Jurl Vinegar plans to get money to the places and programs that matter.
Jurl Vinegar
Jurl Vinegar

In Chicago, the high school application process is intense. Most of the best-performing public schools in the city are selective-enrollment schools. This means students need sky-high grades and test scores to receive a spot and must start thinking about high school from the moment they enter middle school. Unfortunately, says Jurl Vinegar, MPP’19, that doesn’t always happen. 

To help remedy the gap, in 2016, Vinegar worked with the University of Chicago Urban Education Institute (UEI) on a program to ensure that high school conversations began in sixth grade and that students, families, and educators knew the importance to the selective-enrollment process of attendance, grades, and testing–information he never had as a student growing up in the city. 

Vinegar was doing good work that helped kids. But suddenly, the funding stopped. 

“We didn’t have the money to continue a really great program,” Vinegar explains. “Everything ended. It drove home how finance, public policy, and education intersect. I started to think about how I could help get money to programs that matter.”

Having worked only buildings away from the University of Chicago Harris School of Public Policy while at UEI, Vinegar decided applying to Harris was the perfect next step toward making a difference. 

“Harris is the place to gain the quantitative skills to do data-driven policy work,” Vinegar says. 

Although Vinegar had grown up near the University of Chicago, he says that when he was a teenager, “as a first-generation college-goer and a black man from Chicago,” he never imagined himself there.

“Thinking about college and where I was going to go was not high on my priority list at the time,” he explains, adding that he had little guidance from programs like the one he worked on at UEI. “I went to three different high schools. I lived in eight or nine homes with different family members or friends. I had other things on my mind.”

At a college fair, Vinegar found his undergraduate home through the nonprofit 100 Black Men of America, the most extensive network of black male mentors in the nation, which provides mentoring to youth from underserved communities. It was here that Vinegar heard about the University of Missouri; the school was waiving its application fees. For a young person from a cash-strapped background, that made all the difference. Vinegar graduated from the University of Missouri with a degree in math and economics and a minor in philosophy.

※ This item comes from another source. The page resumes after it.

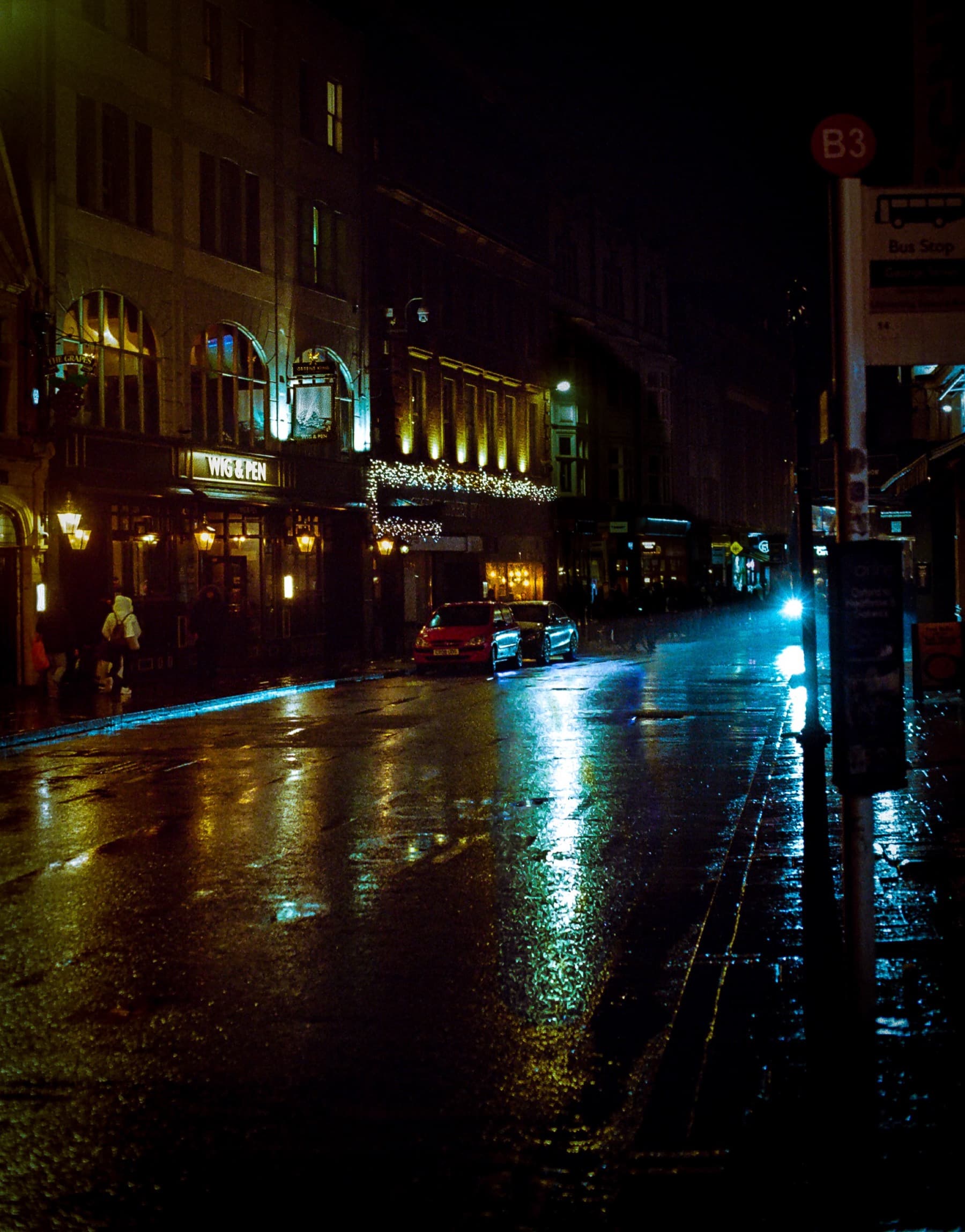 Rain-slicked London street at night with warm pub lights and coloured reflections on wet pavement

Reflecting on the life-changing programs and initiatives for young people that good public policy and municipal finance could fund, Vinegar decided to enroll in Harris. He says he was welcomed there before the school even received his form. Vinegar recalled the level of care, attention, and support he received from the Harris admissions team. “They were great about reaching out to me, inviting me to events, answering my questions, and immersing me in Harris before I even applied,” he says.

Now in the second year of the Master of Public Policy program, Vinegar says he feels part of a community that never wavers in its support. Besides being a full-time student, a teaching assistant, an intern at the Office of the Mayor of the City of Chicago (funded by a stipend from Harris), a husband, and a father, Vinegar is also in his sixth year as a member of the Illinois National Guard. To complete service time, he must take short leaves, for which, he says, Harris has been “incredibly accommodating.” Vinegar added that not only is the school supportive of military service members, it’s also a place where every student understands the notion of service and giving back.

Surrounded by peers who share a passion for making positive change, Vinegar is thriving at Harris and ready to take his quantitative toolkit, hands-on internship experience, and strong Harris network into municipal finance.